Produzir ou viver? O problema central do texto de Sader, e de toda uma tradição que ele representa é manter intactas categorias como “produção”, “trabalho”, “sujeito”, “história”, “consciência” e “progresso”, como se fossem universais ou redimíveis. No entanto, vivemos hoje justamente o momento histórico que exige a desconstrução crítica dessas formas herdadas da modernidade capitalista.
Vivemos em um tempo de esgotamento. O planeta não suporta mais a lógica produtivista. A automatização torna milhões de trabalhadores supérfluos. O tempo da vida é devorado pelo tempo abstrato da produtividade. As promessas de emancipação se dissolvem sob o peso da exaustão material, psíquica e ecológica.

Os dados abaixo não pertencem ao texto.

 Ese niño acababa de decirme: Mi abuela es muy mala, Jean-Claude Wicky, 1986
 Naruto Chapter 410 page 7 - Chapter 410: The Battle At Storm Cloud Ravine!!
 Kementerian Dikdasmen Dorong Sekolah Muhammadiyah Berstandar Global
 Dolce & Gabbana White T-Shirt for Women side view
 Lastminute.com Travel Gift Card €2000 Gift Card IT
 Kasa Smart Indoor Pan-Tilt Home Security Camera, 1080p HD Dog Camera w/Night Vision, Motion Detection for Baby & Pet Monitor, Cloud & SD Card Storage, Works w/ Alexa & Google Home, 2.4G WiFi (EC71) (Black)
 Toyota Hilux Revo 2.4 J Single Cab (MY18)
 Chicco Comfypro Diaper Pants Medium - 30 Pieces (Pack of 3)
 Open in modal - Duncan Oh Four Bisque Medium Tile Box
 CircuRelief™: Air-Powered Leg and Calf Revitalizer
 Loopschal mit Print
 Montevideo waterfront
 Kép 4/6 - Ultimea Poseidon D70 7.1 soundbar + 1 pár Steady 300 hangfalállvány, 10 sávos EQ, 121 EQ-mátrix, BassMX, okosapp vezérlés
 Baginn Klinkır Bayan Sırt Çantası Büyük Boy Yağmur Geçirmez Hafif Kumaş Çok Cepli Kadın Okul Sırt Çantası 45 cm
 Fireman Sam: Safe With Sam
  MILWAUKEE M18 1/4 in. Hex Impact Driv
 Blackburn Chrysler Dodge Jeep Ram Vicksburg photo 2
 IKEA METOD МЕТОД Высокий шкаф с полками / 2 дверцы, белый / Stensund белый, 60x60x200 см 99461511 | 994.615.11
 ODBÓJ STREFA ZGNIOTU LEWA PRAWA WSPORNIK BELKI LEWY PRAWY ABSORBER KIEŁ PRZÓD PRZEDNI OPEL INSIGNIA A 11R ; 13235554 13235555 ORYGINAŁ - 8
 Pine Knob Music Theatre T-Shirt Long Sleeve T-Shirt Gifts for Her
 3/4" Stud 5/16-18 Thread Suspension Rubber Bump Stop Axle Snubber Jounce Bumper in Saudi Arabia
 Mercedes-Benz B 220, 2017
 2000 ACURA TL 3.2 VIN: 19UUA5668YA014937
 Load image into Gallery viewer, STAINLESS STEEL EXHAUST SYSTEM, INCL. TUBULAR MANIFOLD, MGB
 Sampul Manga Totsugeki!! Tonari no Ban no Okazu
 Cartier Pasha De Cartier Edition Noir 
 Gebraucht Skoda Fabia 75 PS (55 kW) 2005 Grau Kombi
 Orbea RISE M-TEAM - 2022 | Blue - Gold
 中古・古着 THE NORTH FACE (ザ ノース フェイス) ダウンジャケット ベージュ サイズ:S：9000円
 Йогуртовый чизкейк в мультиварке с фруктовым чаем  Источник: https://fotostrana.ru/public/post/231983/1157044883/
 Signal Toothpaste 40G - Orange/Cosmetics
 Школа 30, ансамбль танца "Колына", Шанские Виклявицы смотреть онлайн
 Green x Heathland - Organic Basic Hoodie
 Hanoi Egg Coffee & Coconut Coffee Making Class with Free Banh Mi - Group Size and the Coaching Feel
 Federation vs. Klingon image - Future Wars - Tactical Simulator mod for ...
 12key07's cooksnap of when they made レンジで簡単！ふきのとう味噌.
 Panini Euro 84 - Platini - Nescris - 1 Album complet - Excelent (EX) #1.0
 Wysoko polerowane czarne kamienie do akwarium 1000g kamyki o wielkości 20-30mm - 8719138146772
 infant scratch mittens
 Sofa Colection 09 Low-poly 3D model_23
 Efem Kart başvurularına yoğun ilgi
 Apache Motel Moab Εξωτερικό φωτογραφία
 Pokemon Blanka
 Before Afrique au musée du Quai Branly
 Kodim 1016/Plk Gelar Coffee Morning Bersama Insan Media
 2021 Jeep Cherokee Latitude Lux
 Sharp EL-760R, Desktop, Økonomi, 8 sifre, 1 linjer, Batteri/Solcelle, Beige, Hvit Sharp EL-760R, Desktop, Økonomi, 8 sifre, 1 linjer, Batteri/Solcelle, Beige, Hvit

Diante disso, insistir na reabilitação do trabalho como “essência humana” pode ser mais um gesto nostálgico do que um projeto de futuro. A libertação não virá do trabalho recuperado, mas da reorganização radical da vida para além da lógica da produção, da mercadoria e do valor.
Hoje, mais do que nunca, é preciso ir além. Não para negar o legado de Marx, mas para levá-lo às últimas consequências. E isso significa justamente em abandonar o culto ao trabalho e imaginar novas formas de vida em comum: Formas que não se sustentem mais na exploração do tempo, da natureza e da subjetividade, mas na reinvenção da existência fora do paradigma da produção.ou seja : uma outra forma de se viver, longe das amarras da sociedade da mercadoria.
* O texto de Emir Sader está exposto na abertura da Edição da Boitempo da obra de Karl Marx e Friedriche Engels, A Ideologia Alemã.